Sayfalar

17 Ağustos 2013 Cumartesi

Müdavimlerin Meyhanesi:Tavukçu Lokantası

Üç beyazın adresi, beyaz masaörtüsü, rakı ve peynir...İnanılmaz salaş bir yer plastik sandalyeler ve florasan ışıklar...Meyhane kültürünün yaşandığı, müdavimlerinin yıllardır gittiği bir yer burası. Genellikle entellektüellerin takıldığı, öğle servisinde bile bir çok rakı içen müşterisinin olduğu bir yer...

Mezelere gelince, biz balık yemeyeceğimize karar verdikten sonra, tepsidekilere bakıp, mezelerle donatalım masayı dedik:) Burasının balık mevsiminde hamsisi çok meşhurmuş. Kesinlikle hamsi sezonunda denemek için ilk gideceğim yer.
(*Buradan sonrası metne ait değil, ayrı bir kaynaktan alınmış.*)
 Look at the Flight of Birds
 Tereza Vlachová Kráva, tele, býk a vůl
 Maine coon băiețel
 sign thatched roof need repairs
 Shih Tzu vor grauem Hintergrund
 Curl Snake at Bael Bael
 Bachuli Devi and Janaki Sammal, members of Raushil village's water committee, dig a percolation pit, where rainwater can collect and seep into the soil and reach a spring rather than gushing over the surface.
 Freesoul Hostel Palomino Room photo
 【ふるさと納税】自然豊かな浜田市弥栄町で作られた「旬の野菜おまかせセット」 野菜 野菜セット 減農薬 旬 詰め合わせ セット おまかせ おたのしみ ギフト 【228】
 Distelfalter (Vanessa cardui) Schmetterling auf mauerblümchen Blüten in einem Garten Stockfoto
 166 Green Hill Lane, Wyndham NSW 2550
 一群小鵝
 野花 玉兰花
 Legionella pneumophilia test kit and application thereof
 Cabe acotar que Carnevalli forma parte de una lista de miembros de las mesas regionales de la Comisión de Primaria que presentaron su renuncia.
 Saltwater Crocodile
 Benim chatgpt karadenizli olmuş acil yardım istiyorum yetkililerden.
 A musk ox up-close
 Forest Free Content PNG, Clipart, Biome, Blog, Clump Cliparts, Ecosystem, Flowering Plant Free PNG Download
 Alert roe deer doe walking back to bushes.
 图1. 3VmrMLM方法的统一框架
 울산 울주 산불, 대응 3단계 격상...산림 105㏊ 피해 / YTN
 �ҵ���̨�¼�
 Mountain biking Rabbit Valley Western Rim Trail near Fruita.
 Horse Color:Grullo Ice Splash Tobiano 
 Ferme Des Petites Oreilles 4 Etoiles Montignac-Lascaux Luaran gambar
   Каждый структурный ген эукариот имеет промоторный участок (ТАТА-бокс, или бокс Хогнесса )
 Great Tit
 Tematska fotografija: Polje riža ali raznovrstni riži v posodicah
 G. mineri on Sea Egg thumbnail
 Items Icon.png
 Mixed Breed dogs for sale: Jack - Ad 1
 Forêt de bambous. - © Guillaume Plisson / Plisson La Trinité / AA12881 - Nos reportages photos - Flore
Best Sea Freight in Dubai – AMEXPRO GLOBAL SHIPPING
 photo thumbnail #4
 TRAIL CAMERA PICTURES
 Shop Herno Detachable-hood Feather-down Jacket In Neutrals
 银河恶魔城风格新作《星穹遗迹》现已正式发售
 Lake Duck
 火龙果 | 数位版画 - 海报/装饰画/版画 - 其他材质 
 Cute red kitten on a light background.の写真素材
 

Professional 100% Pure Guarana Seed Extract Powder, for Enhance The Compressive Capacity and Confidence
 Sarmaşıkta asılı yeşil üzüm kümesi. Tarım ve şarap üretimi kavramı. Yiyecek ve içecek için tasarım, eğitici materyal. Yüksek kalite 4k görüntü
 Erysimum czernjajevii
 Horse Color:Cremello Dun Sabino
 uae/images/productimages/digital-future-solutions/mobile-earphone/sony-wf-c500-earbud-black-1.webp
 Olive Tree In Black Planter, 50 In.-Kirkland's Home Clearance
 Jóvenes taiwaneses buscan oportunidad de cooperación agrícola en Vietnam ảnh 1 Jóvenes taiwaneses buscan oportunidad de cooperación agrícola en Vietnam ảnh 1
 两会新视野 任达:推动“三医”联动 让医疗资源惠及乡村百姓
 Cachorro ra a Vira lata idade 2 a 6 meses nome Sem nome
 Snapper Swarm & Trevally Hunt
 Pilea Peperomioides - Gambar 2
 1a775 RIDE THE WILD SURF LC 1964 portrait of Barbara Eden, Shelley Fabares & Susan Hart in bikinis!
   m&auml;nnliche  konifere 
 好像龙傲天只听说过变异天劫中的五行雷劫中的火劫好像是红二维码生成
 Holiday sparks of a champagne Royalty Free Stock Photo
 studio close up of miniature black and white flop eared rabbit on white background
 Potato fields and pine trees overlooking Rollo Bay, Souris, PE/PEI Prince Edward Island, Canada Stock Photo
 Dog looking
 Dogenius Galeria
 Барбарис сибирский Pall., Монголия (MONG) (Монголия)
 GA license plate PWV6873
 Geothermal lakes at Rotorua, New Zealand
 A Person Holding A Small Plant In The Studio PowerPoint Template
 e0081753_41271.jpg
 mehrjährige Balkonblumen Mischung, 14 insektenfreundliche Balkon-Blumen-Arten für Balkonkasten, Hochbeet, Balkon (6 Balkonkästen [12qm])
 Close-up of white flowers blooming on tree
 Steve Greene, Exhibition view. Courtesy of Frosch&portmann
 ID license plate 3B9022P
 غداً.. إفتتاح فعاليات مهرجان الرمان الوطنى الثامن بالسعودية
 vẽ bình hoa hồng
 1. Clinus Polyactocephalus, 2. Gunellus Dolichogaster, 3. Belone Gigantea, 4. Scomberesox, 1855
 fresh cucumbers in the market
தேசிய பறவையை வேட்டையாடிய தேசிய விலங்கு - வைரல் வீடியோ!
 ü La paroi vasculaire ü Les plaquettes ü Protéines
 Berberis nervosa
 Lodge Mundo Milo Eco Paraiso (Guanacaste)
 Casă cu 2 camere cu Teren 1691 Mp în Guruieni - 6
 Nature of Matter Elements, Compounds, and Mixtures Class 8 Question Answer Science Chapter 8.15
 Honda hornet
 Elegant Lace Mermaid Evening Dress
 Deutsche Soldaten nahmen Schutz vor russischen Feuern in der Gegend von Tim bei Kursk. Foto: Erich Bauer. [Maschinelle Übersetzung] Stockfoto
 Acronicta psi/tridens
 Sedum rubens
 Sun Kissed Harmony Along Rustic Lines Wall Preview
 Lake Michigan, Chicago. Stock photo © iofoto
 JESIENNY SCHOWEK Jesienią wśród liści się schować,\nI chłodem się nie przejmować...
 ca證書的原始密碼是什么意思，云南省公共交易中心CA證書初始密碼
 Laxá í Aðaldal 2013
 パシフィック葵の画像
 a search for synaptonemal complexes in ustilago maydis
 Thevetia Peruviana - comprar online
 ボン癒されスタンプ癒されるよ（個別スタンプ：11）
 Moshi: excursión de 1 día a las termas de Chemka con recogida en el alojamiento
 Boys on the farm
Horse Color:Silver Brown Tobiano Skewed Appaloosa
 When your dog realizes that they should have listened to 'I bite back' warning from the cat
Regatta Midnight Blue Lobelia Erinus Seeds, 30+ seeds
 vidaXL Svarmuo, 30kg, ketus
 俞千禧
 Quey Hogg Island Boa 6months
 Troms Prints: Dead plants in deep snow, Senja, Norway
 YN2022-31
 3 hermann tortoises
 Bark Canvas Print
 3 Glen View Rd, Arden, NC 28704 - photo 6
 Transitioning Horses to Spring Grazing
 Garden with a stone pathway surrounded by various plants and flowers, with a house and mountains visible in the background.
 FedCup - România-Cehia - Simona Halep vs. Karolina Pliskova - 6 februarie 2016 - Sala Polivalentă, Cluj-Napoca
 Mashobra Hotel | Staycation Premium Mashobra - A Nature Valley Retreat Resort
Bence bütün mezeleri çok güzel, semizotundan, şakşukasına her şey harika. Salatanın suyuna bana bana yedim. Ben bir tek beyin yemediğim için onun tadına bakamadım, eşim beyin salatasının da güzel olduğunu söylüyor. Bence gidince kesinlikle söylemeniz gereken iki şey var. Birincisi meyhane pilavı ve ikincisi ciğer. Ciğeri bir kaç kere sipariş verdik. Bir de buranın patates kızartması yıllardır özlediğim ev tipi patates kızartması. Patates kızartması deyip geçmeyin, hakikatten ev tipi lezzetli bulmak çok zor.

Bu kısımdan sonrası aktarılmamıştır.